If $\lambda >0$ is is unknown, then this is an eigenvalue problem, the link toypajme's comment is pretty nice and readable. Here I just add a bit more about motivation. Normally for eigenvalue problem, we are minimizing the Rayleigh quotient:
$$
F(u) = \frac{\| \nabla u\|_{L^2(\Omega)}^2}{\| u\|_{L^2(\Omega)}^2},\tag{1}
$$
whereas 
$$\int_\Omega u w_i = 0\quad \text{for eigenfunction } w_i, i=1,\ldots,n-1,$$
and the minimizer $u = w_n$ is another eigenfunction while $F(w_n)$ is the $n$-th eigenvalue. Notice problem (1) can be written as the same constraint minimization problem in the link in the toypajme's comment.

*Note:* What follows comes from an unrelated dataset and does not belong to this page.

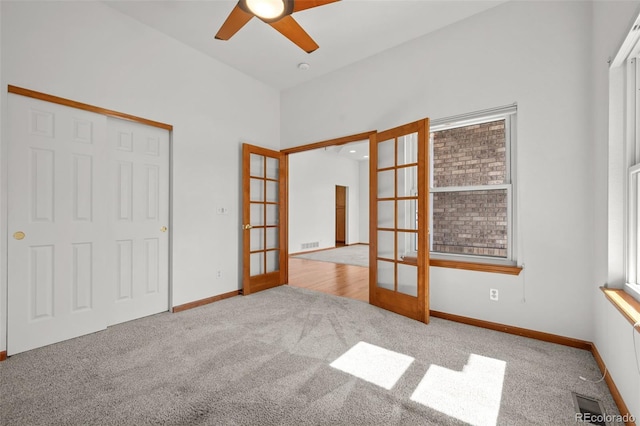 14447 Inca Ct, Westminster, CO 80023 - unfurnished room with french doors, carpet flooring, a ceiling fan, and baseboards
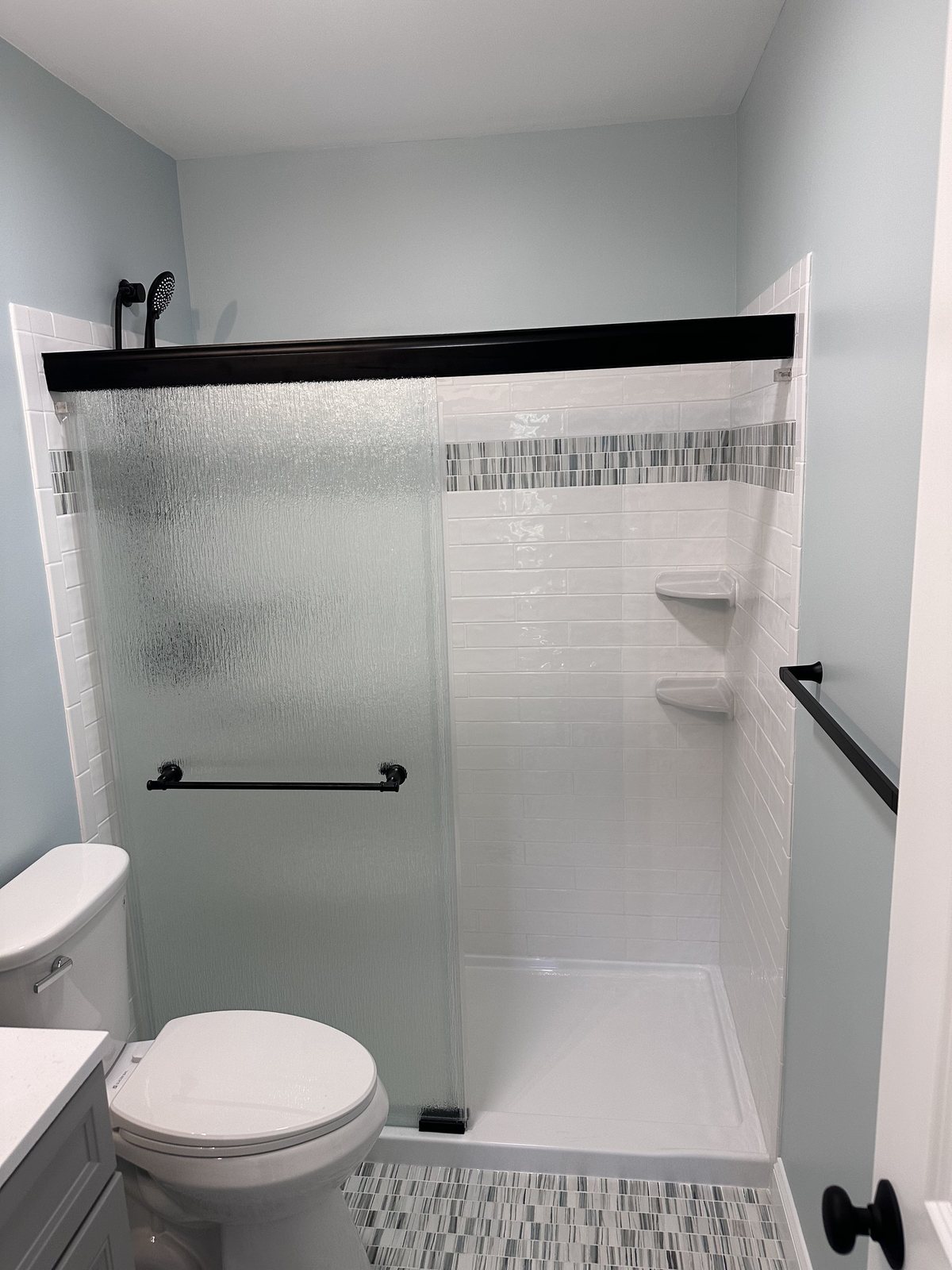 White subway shower with a mosaic band, corner shelves, and frosted glass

If $\lambda = \omega^2$ is known and is not one of the eigenvalues for the operator $-\Delta$, also we have a right hand side $f$, then this is a Helmholtz equation, and it weak formulation 
$$
\int_{\Omega}\nabla u\cdot \nabla v - \omega^2 \int_{\Omega}uv = \int_\Omega fv
$$
has a unique solution in $H^1_0$ by Fredholm alternative.